MiniMax M3: Master 1M-Token Long Context With MSA
Summary
MiniMax M3 hands-on: MSA sparse attention plus real 1M-token long context, with runnable Python.
MiniMax M3: Master 1M-Token Long Context With MSA
On June 1, 2026 MiniMax shipped M3, and over the following ten days the part developers actually care about landed: the technical report and the open weights. M3 is the first open-weight model to combine frontier coding, native multimodal input, and a genuine 1-million-token context window in a single checkpoint. The thing making it spike across r/LocalLLaMA, Hacker News, and dev Twitter right now is not another benchmark bar chart. It is MSA, MiniMax Sparse Attention, the architecture that makes that 1M window cheap enough to use in production.
Most models that advertise a million-token window are bluffing. They are text-only at that length, or quality falls off a cliff past 256K, or the bill is so large you would never send a real million tokens. MSA attacks that head-on: at 1M context, M3's per-token compute is about 1/20th of the previous generation, with roughly 9.7x faster prefill and 15.6x faster decoding versus MiniMax M2. That is the difference between long context as a spec-sheet number and long context as something you ship.

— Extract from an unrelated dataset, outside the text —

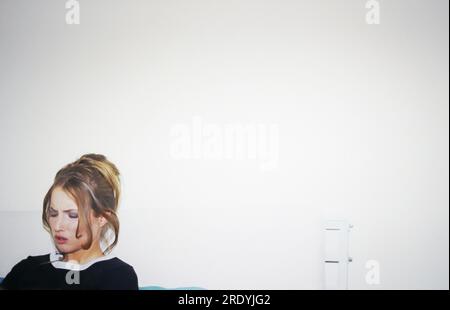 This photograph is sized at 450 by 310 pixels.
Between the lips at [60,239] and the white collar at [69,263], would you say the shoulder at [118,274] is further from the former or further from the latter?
the lips at [60,239]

This guide teaches you to actually use it. You will make your first M3 API call, understand what MSA is doing under the hood, toggle its thinking mode, pack an entire codebase or long document into one request without blowing your token budget, and run a real whole-repository question-answering example. Everything is concrete, the code is API-accurate against the official MiniMax docs, and you will see real example output.
Prerequisites
- Python 3.9+ and
pip. - The OpenAI SDK:
pip install openai(M3's API is OpenAI-compatible at the chat-completions level, so you reuse the same client). - A MiniMax API key from
platform.minimax.io, or an OpenRouter key if you prefer one bill across providers. - Basic comfort with chat-completions style messages (system / user / assistant roles).
- Optional: a folder of source files or a long document to test real 1M-token context.
Set your key as an environment variable so it never lands in source control:
export MINIMAX_API_KEY="your_key_here"
# or, if you go through OpenRouter:
export OPENROUTER_API_KEY="your_key_here"
Step 1 — Your first M3 call in 10 lines
The MiniMax endpoint speaks the OpenAI chat-completions dialect. Point the OpenAI client at MiniMax's base URL, set the model to MiniMax-M3, and you are done. No new SDK to learn.
import os
from openai import OpenAI
client = OpenAI(
api_key=os.environ["MINIMAX_API_KEY"],
base_url="https://api.minimax.io/v1", # OpenAI-compatible endpoint
)
resp = client.chat.completions.create(
model="MiniMax-M3",
messages=[
{"role": "system", "content": "You are a senior backend engineer."},
{"role": "user", "content": "In one sentence, what makes MSA different from full attention?"},
],
)
print(resp.choices[0].message.content)
Example output:
MSA only computes attention over a small set of selected key-value blocks instead of
every past token, so cost grows far slower than the quadratic blow-up of full attention
while keeping near-identical quality.
If you would rather route through OpenRouter (handy for failover and a single invoice across providers), the only thing that changes is the base URL and the model slug:
curl https://openrouter.ai/api/v1/chat/completions \
-H "Authorization: Bearer $OPENROUTER_KEY" \
-H "Content-Type: application/json" \
-d '{
"model": "minimax/minimax-m3",
"messages": [{"role": "user", "content": "Write a unit test for a fib(n) function."}]
}'
Step 2 — What MSA is actually doing
You do not need to re-implement attention to use M3, but understanding MSA tells you when to reach for it and what its limits are.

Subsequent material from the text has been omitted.